[EXTRACTED INFORMATION Boundary: Start]
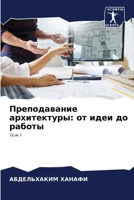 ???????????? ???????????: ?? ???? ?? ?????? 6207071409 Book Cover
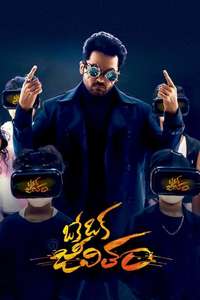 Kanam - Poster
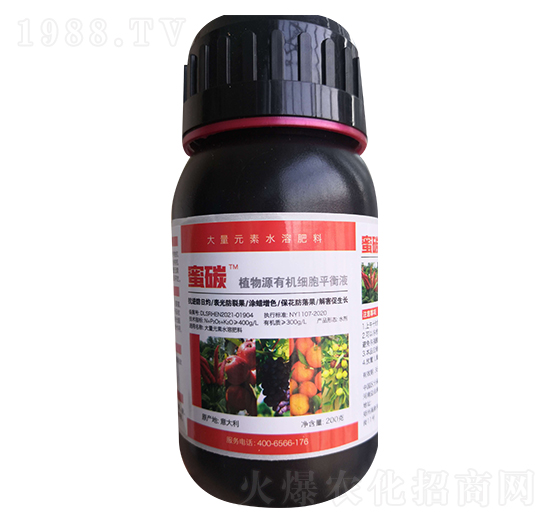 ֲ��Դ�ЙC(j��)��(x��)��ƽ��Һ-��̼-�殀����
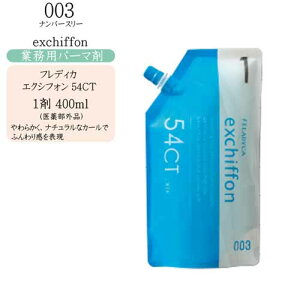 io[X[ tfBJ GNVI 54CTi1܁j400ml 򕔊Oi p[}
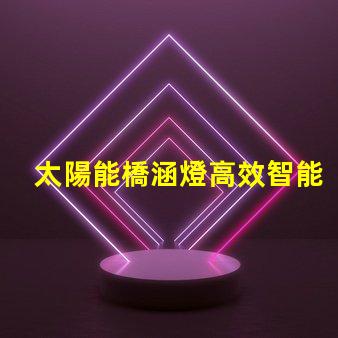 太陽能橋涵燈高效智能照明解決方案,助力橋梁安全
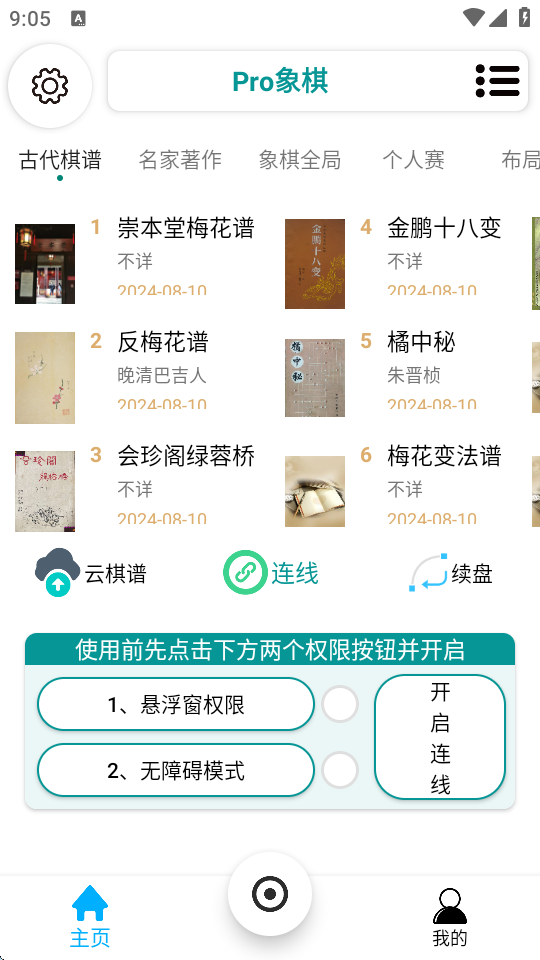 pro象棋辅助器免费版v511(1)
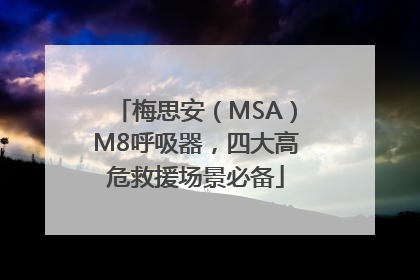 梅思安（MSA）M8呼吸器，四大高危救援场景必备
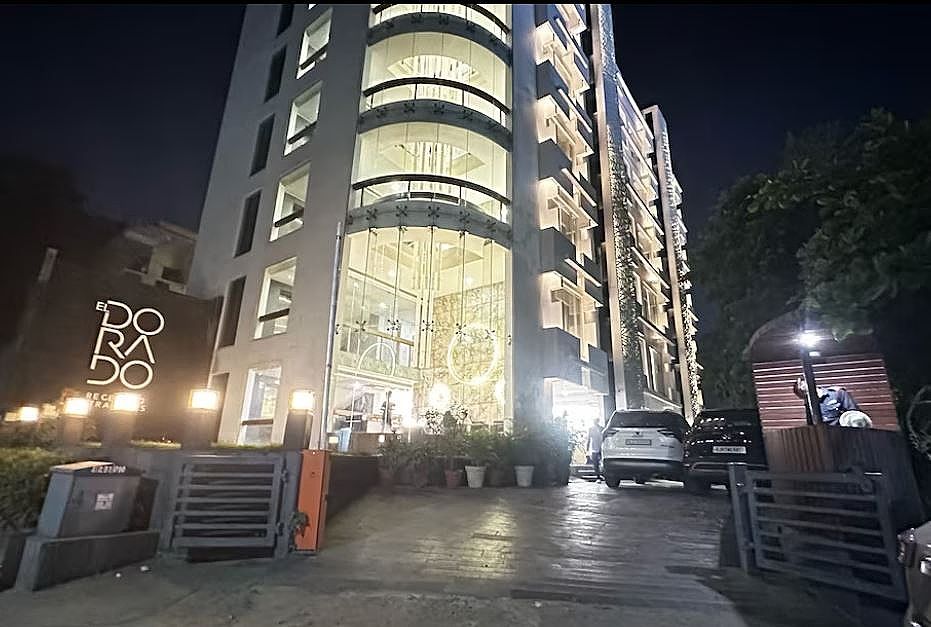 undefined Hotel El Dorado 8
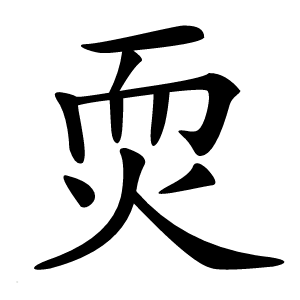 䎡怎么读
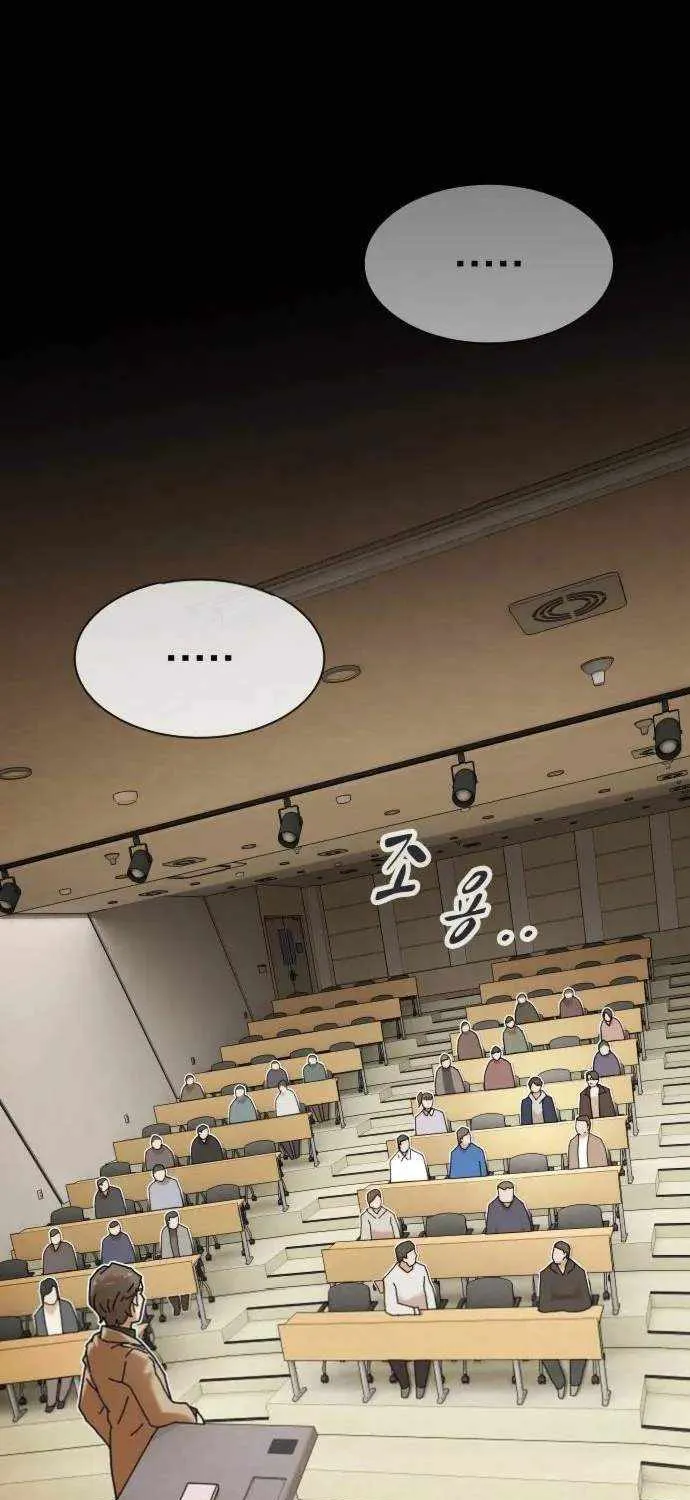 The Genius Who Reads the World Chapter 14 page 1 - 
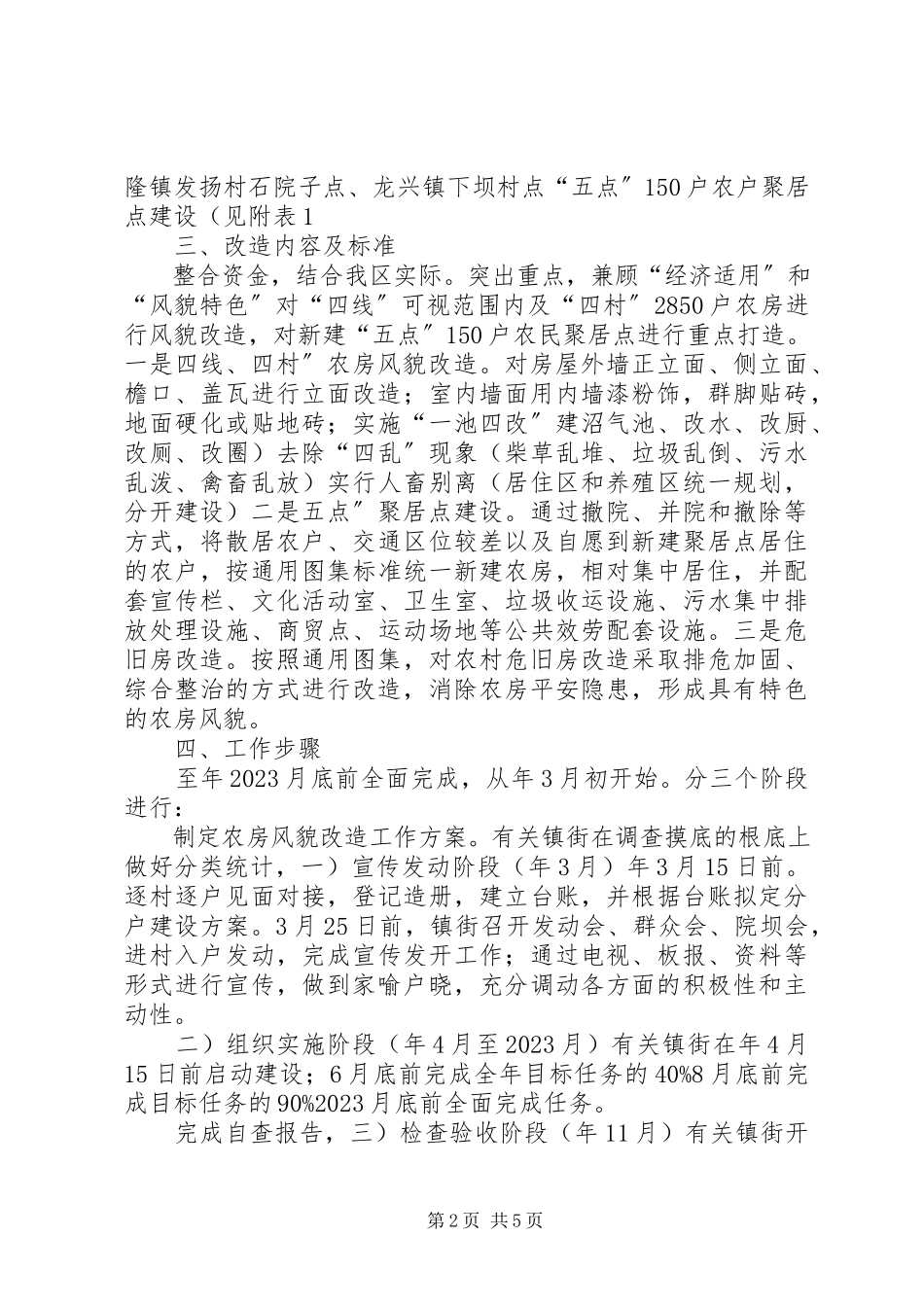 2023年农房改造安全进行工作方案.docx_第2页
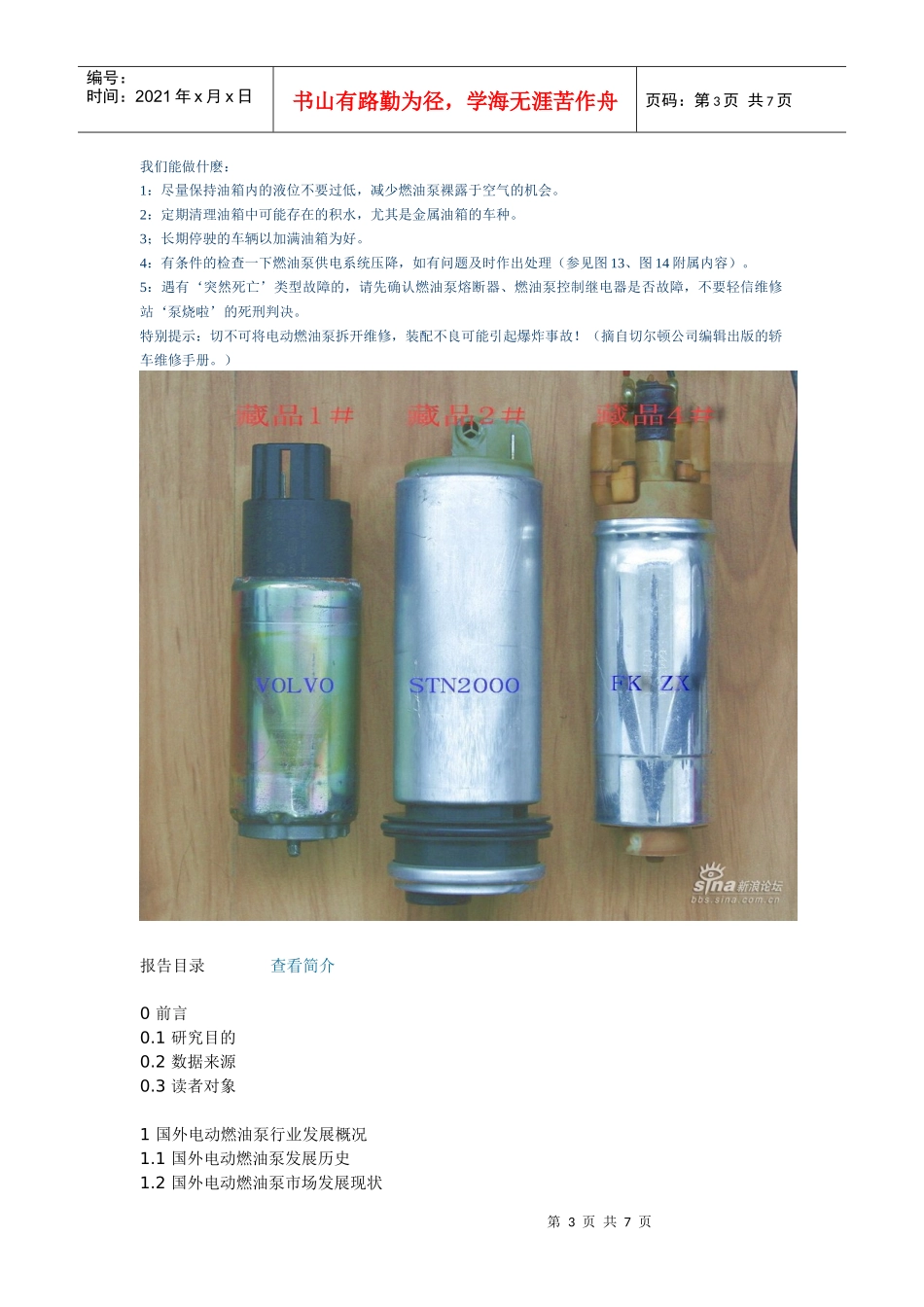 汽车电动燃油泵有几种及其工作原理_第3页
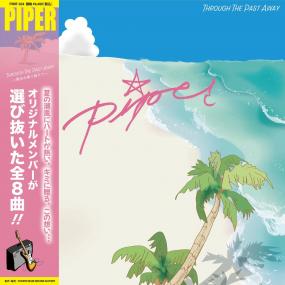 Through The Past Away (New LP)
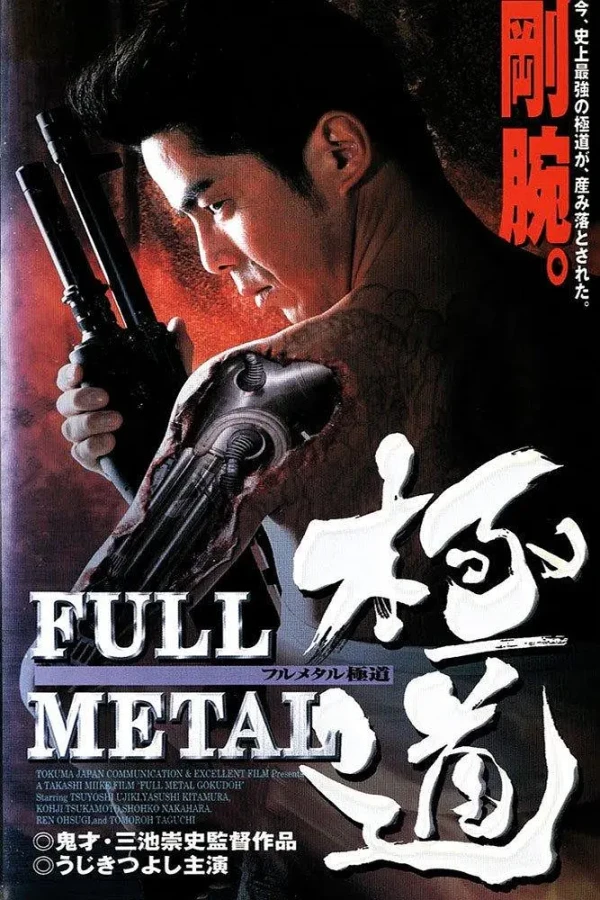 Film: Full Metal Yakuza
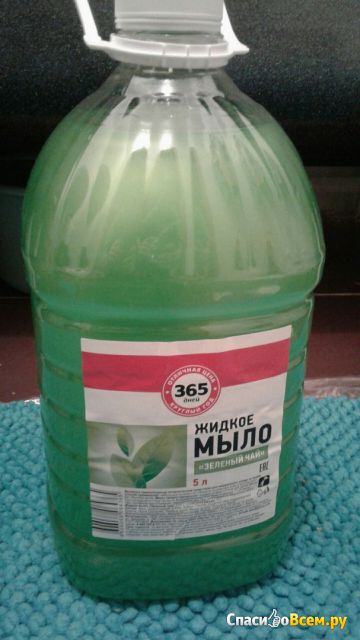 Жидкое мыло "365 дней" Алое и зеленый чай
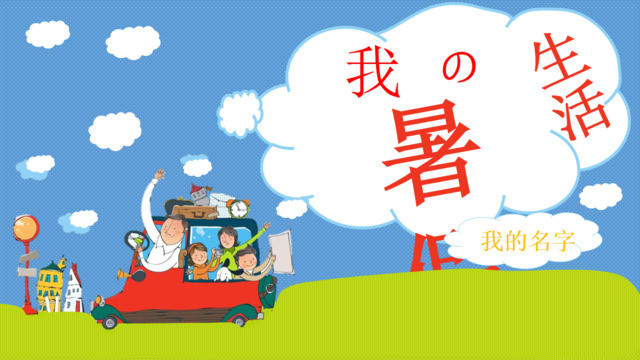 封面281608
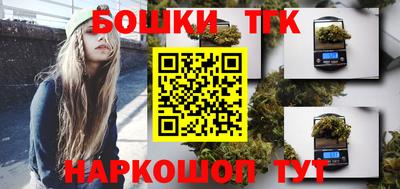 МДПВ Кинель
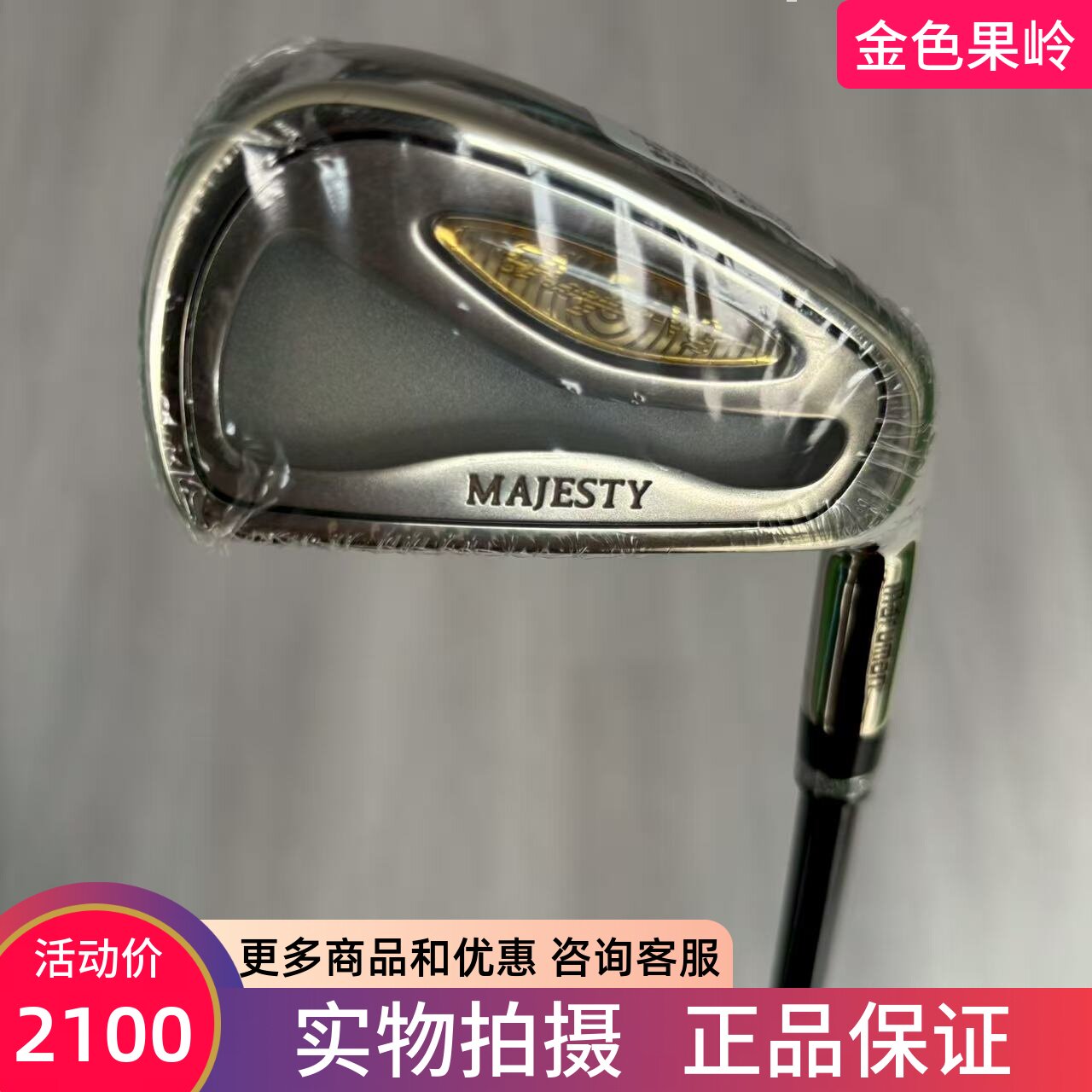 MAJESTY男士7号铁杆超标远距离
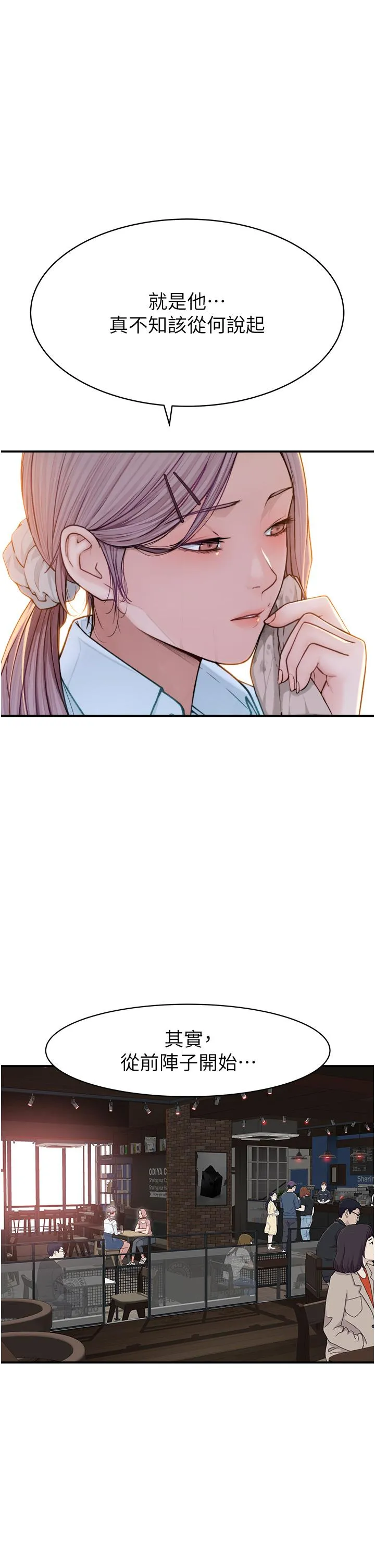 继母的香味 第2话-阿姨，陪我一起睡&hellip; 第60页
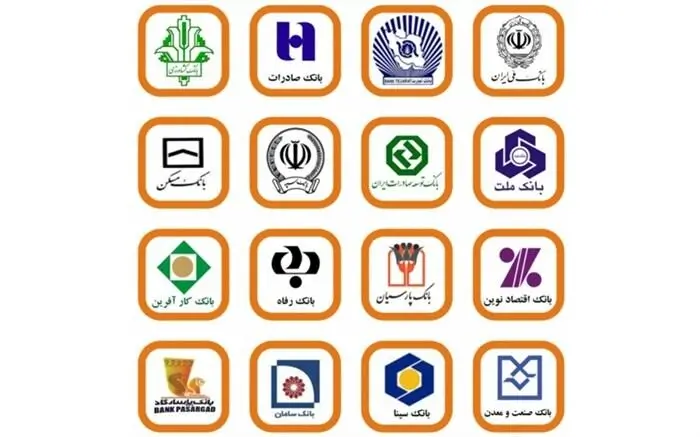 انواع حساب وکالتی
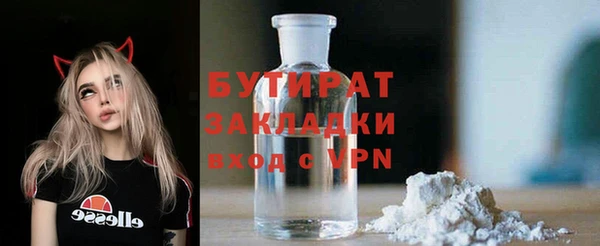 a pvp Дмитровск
[EXTRACTED INFORMATION Boundary: End]
Take the line with "и зеленый чай" and each line after it through the end of the material above, and reproduce them exactly, both ends included, without pictures.

 Жидкое мыло "365 дней" Алое и зеленый чай
 封面281608
 МДПВ Кинель
 MAJESTY男士7号铁杆超标远距离
 继母的香味 第2话-阿姨，陪我一起睡&hellip; 第60页
 انواع حساب وکالتی
 a pvp Дмитровск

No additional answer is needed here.